Devenie’s performance is powerful and gripping, so we suffer with Mary as she sees control slipping from Māori and the tide turning towards war. We also share in her personal pain when she miscarries during a trip around the Rotorua area, ending her and her husband’s hopes for children.
The end for Mary is bitter – her husband is relieved from his post after complaining about the treatment of Māori, and her beloved Māori foster son, whom she called Sancho after a character in the novel Don Quixote, is killed during the land wars. She laments on receiving this news as she has heard Māori women do.
I was tremendously moved by this play and Mary Ann Martin’s story. But is it history? Well, not entirely.
I read Mary Ann Martin‘s Dictionary of New Zealand biography (DNZB) entry before going, so I’d have some notion of her life story. After the play ended and I recovered, I started to think about the gaps between the entry and the play.
The entry didn’t mention a foster son called Sancho and said that William Martin resigned from his post because of ill health, as does William Martin’s DNZB entry. I got Our Maoris out of the library and discovered that Sancho was actually a grown Māori man and seems to have been more like a servant. As my colleague Jock pointed out, religion was entirely absent from the play, yet the DNZB entries and Our Maoris make it quite clear that religion was a central concern in their lives.
Does this flexibility with the ‘facts’ really matter? In a blog post on the Auckland Theatre Company (ATC) website Arthur Meek is quoted as saying ‘It’s not a history play. It’s a play about who we are and how we’ve come to be like we are.’
I’m not sure what he means by that first sentence, because the play is about a real woman and is based on her writings. Perhaps it’s a way of saying that he’s employed some artistic licence with respect to historical facts. Many writers working with historical subjects do this – it’s a valid technique, but I think the audience needs to know it has been employed.
I’m not so sure that the play’s audience will realise this, unless they have prior knowledge of Mary Ann Martin’s life. A review on Kiwiblog says ‘the play is based on the actual history of that period,’ which suggests the reviewer thinks that everything in it is true.
The ATC has described the play thus: ‘suppressed for 150 years, ATC’s latest work uncovers the words of a woman who dared to challenge colonial injustice.’
This suggests some ‘truths’ have been uncovered, whereas it’s fair to say that some of them, as portrayed in the play, are in fact fictional.

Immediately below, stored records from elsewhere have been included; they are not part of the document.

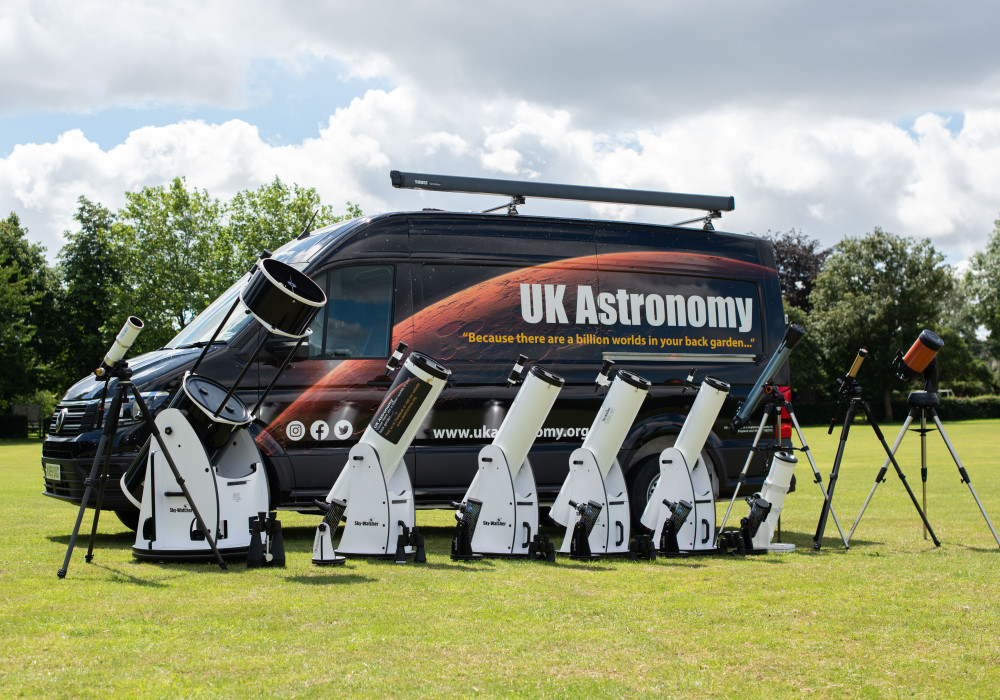 UKAstroVan260720-044
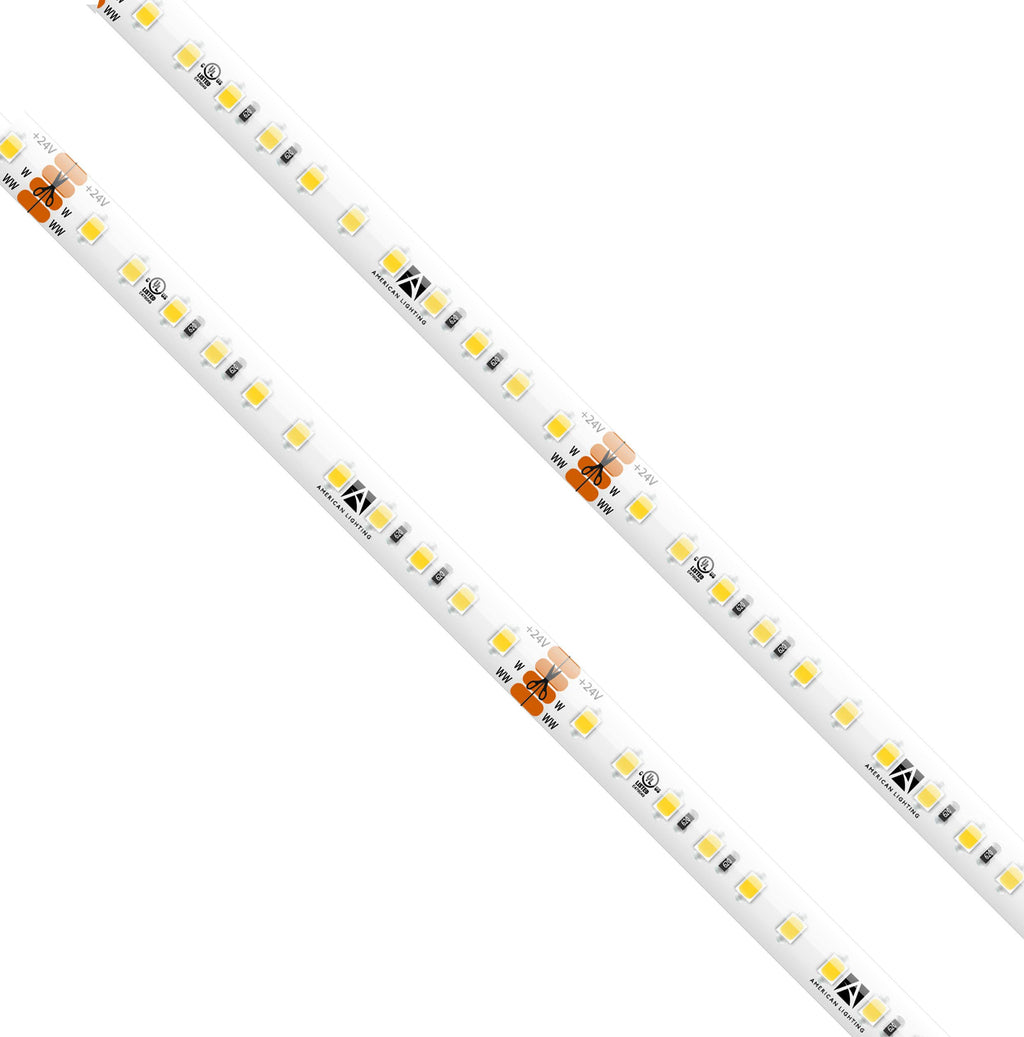 High Output Trulux Tunable Tape Light R649223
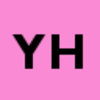 Yingying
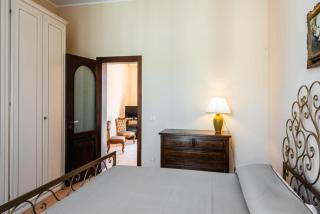 Casa Zafferana centro con terrazza - 4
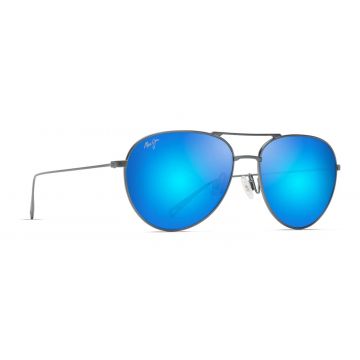 Maui Jim Walaka B885-03 Sonnenbrille
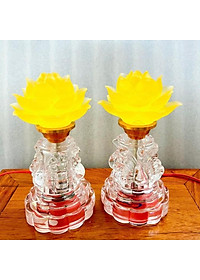 product-img-5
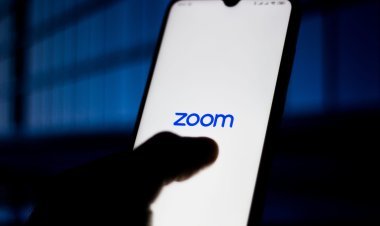 Zoom is training AI with customer data, know the reason behind it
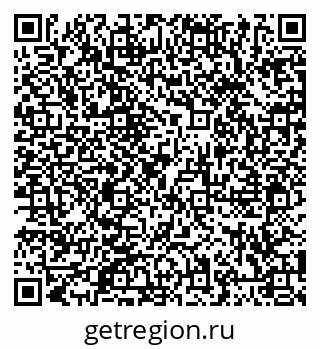 79066416585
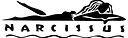 Narcissus Boutique logo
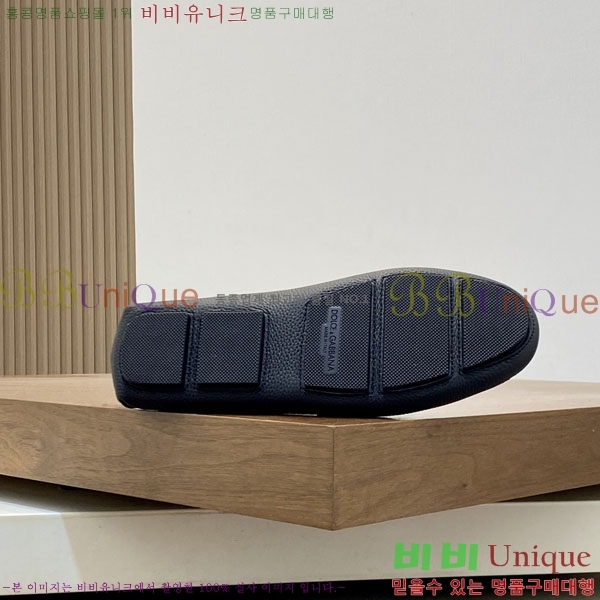 ��ü�ذ��ٳ� ���� D6666031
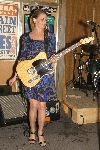 Click to see _DSC8814.JPG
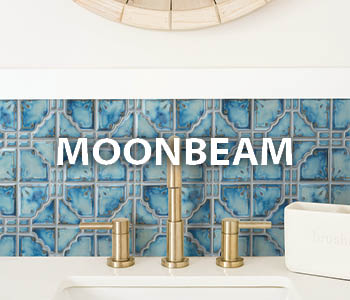 Moonbeam Collection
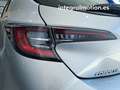 Toyota Corolla 1.8 125H ACTIVE TECH E-CVT Gris - thumbnail 25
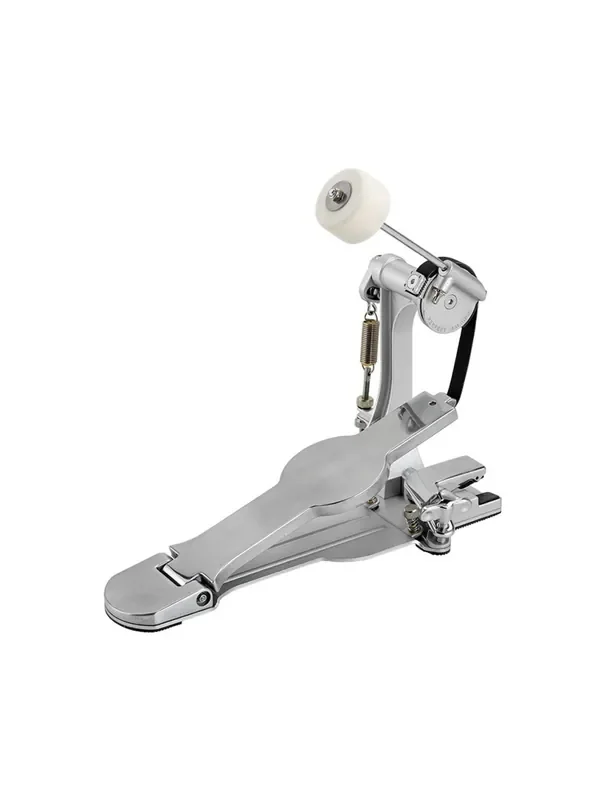 Sonor Perfect Balance Standard Kick Drum Pedal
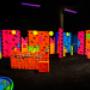 Rinx Entertainment Centre Rinx Entertainment Centre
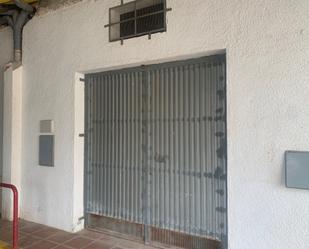 Premises for sale in Mijas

I’m not sure we can really say that Mary Anne Martin ‘challenge(d) colonial justice’ – she was critical of colonial policy and deplored the land wars, but after going through Our Maoris, I have trouble seeing her as a radical crusader for justice. Her mission was to convert Māori from heathenism to Christianity and for me this complicates her character – Christianity was just another form of colonialism.
Despite my qualms about historical accuracy, I rate this play highly. I was transported back the mid-19th century New Zealand by the writing and Laurel Devenie’s performance. It’s on at Downstage until 10 September. If you are interested in New Zealand history (however it is portrayed!) and Māori-Pākehā relations, you really should go.